Amusingly, 1967 is also the year when D. Kazhdan published his paper introducing Property (T). As is well-known, and explained for instance in the recent book of Bekka, de la Harpe and Valette, the first explicit construction of expanders, due to Margulis, relied on Property (T); in hindsight, it is rephrased as saying that any infinite discrete group $G$ with Property (T), for instance $\mathrm{SL}_3(\mathbf{Z})$ , is such that the Cayley graphs of all finite quotients of $G$ , constructed with respect to an arbitrary finite generating $S$ , forms an expander family of graphs. (Note that it is a basic property — indeed, one of the motivating ones — that a discrete group with Property (T) is finitely generated).

Now here comes an idle discussion of priority and the like, which platonists might want to avoid. The paper of Barzdin and Kolmogorov contains a footnote saying that the details and sharpest results are due to Barzdin; the selected works of Kolmogorov contains a comment by Barzdin that says that the basic ideas are entirely due to Kolmogorov. So it’s not completely clear (to a random reader like me) which of the two authors precisely did come up first with the idea of expanders. One is tempted to suspect that it was Kolmogorov; if that is the case, he must have been past 60 when the idea came up — the paper appeared when he was 64 –, and that would be a very striking counterexample to the common perception that mathematics is a young person’s game… (Rigorous chronologists might like to point out that Selberg’s “3/16” theorem predates the Kolmogorov-Barzdin paper as well as Kazhdan’s Property (T) paper, so that an explicit construction of expanders was, in some sense, known before they were defined; unless, that is, it is discovered that Gauss, Euler or Kepler, in a particularly abstruse private letter or notebook, had anticipated the discovery…)

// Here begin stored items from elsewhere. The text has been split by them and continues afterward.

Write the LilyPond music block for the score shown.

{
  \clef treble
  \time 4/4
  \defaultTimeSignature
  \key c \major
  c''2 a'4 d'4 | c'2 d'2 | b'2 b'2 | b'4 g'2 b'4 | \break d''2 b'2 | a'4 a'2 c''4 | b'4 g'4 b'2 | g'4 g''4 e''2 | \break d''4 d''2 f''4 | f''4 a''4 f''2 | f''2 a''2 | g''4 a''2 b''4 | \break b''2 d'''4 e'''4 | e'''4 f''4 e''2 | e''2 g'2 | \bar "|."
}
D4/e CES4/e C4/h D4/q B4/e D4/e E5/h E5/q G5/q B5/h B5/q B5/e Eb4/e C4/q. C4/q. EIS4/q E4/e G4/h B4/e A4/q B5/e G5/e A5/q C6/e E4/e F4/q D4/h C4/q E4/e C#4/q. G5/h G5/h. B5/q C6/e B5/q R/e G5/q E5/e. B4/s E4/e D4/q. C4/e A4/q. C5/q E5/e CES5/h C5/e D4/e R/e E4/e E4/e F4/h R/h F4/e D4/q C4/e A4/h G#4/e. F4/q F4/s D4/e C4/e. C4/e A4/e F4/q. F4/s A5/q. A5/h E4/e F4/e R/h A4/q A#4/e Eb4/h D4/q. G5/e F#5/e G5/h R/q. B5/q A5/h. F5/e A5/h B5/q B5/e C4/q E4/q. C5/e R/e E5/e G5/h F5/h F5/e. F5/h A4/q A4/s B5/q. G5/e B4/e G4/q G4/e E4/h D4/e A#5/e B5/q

[Query: the proof of existence of expanders in the paper of Barzdin and Kolmogorov goes by computations with binomial coefficients and the like; now, I don’t want to be more of a probabilist than Kolmogorov, but does anyone know if someone has written somewhere a “clean” proof, using instead the basic properties of binomial random variables and standard analytic/probabilistic inequalities? I would be surprised if this wasn’t possible, and I’ll certainly look for something like that before teaching — probably next semester — about expanders.]

Final remark: for a fairly wide-ranging discussion of the mathematical contributions of Kolmogorov, there is a nice book, available either in French or in English translation (I was one of the translators, which was very interesting since I had no idea previously that Kolmogorov had been influential in mathematical logic or in algebraic topology…) The Barzdin-Kolmogorov paper is mentioned in the bibliography of one chapter, but is not discussed in detail.

Contra MathOverflow

In principle, I really like the idea of MathOverflow, and I browse through the questions and answers there fairly regularly. Once in a while, I can’t help thinking I could add something to the discussion, and even when I’m incompetent, I think I can procastinate like the best of them by writing about topics which are unrelated to more pressing tasks at end… Then, why haven’t I contributed more than two minor comments to MO?

Well, I have to admit that I can’t help laughing my head off any time I see the list of badges at the end of a contributor’s profile page (well, metaphorically, at least…) The very idea of badges is already hilarious, but just reading those lists, I can’t help imagining “Necromancers” battling it off with “Mortarboards” about, maybe, what is the right definition of a weak infrabarelled semitanakian quasi-category (on the left, and of the third kind, of course).

And then I just can’t take it seriously. But for me, mathematics is a serious matter — like games are to a child.